The aforementioned devices are examples and others may be used. The
computing device 2400 may include one or more communication
connections 2416 allowing communications with other computing
devices 2450. Examples of suitable communication connections 2416
include, but are not limited to, radio frequency transmitter,
receiver, and/or transceiver circuitry; universal serial bus (USB),
parallel, and/or serial ports.
[0329] The term computer readable media as used herein may include
computer storage media. Computer storage media may include volatile
and nonvolatile, removable and non-removable media implemented in
any method or technology for storage of information, such as
computer readable instructions, data structures, or program modules
2408. The system memory 2404, the removable storage device 2409,
and the non-removable storage device 2411 are all computer storage
media examples (e.g., memory storage). Computer storage media may
include RAM, ROM, electrically erasable read-only memory (EEPROM),
flash memory or other memory technology, CD-ROM, digital versatile
disks (DVD) or other optical storage, magnetic cassettes, magnetic
tape, magnetic disk storage or other magnetic storage devices, or
any other article of manufacture which can be used to store
information and which can be accessed by the computing device 2400.
Any such computer storage media may be part of the computing device
2400. Computer storage media does not include a carrier wave or
other propagated or modulated data signal.

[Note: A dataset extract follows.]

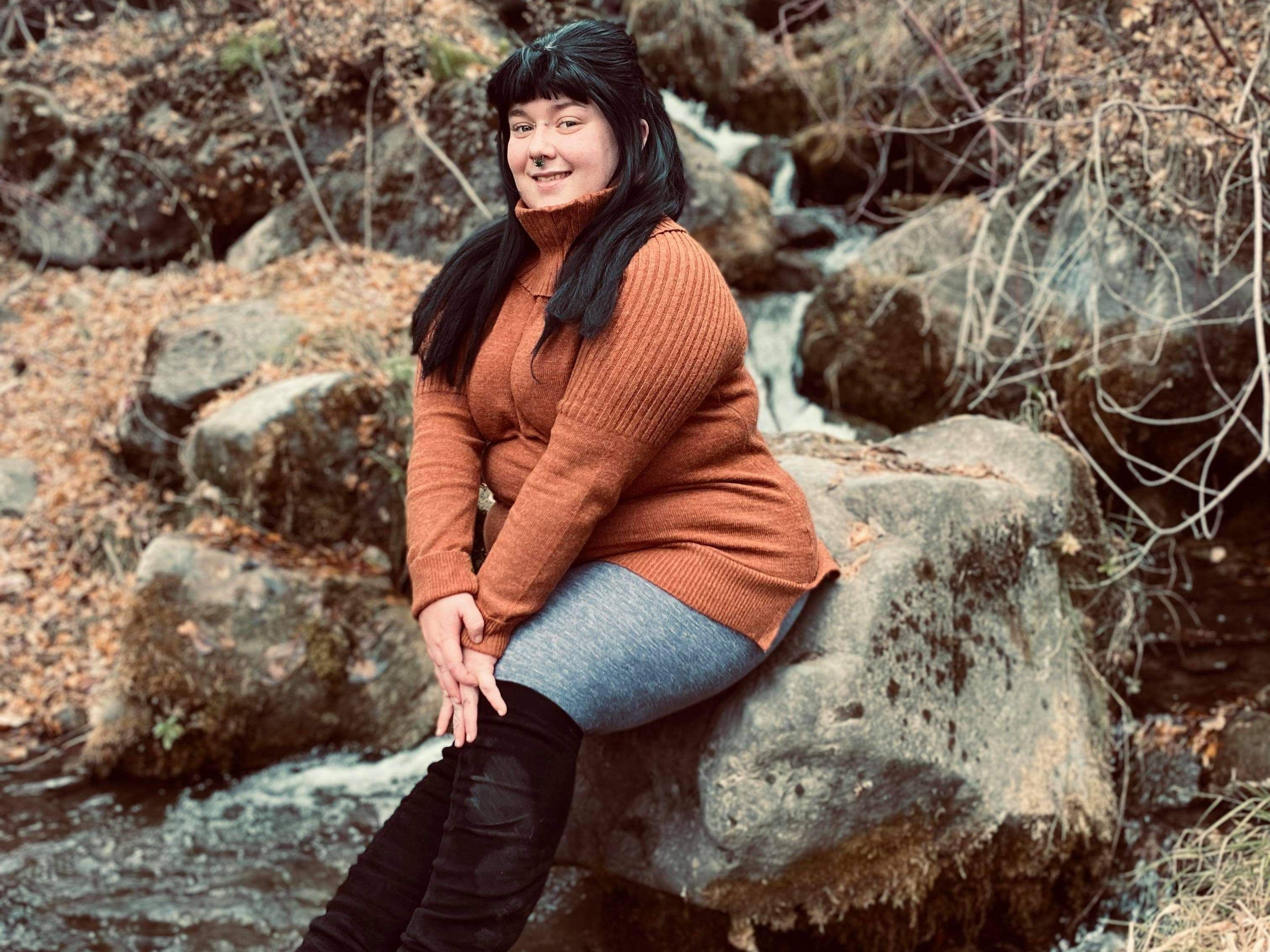 Imagen de perfil de modelo de cámara web de Mystical_Vibz97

[0330] Communication media may be embodied by computer readable
instructions, data structures, program modules, or other data in a
modulated data signal, such as a carrier wave or other transport
mechanism, and includes any information delivery media. The term
"modulated data signal" may describe a signal that has one or more
characteristics set or changed in such a manner as to encode
information in the signal. By way of example, and not limitation,
communication media may include wired media such as a wired network
or direct-wired connection, and wireless media such as acoustic,
radio frequency, infrared, and other wireless media.
[0331] FIGS. 36A and 36B illustrate a mobile computing device 500,
for example, a mobile telephone, a smart phone, wearable computer
(such as a smart watch), a tablet computer, a laptop computer, and
the like, with which embodiments of the disclosure may be
practiced. In some aspects, the client may be a mobile computing
device. With reference to FIG. 36A, one aspect of a mobile
computing device 500 for implementing the aspects is illustrated.
In a basic configuration, the mobile computing device 500 is a
handheld computer having both input elements and output elements.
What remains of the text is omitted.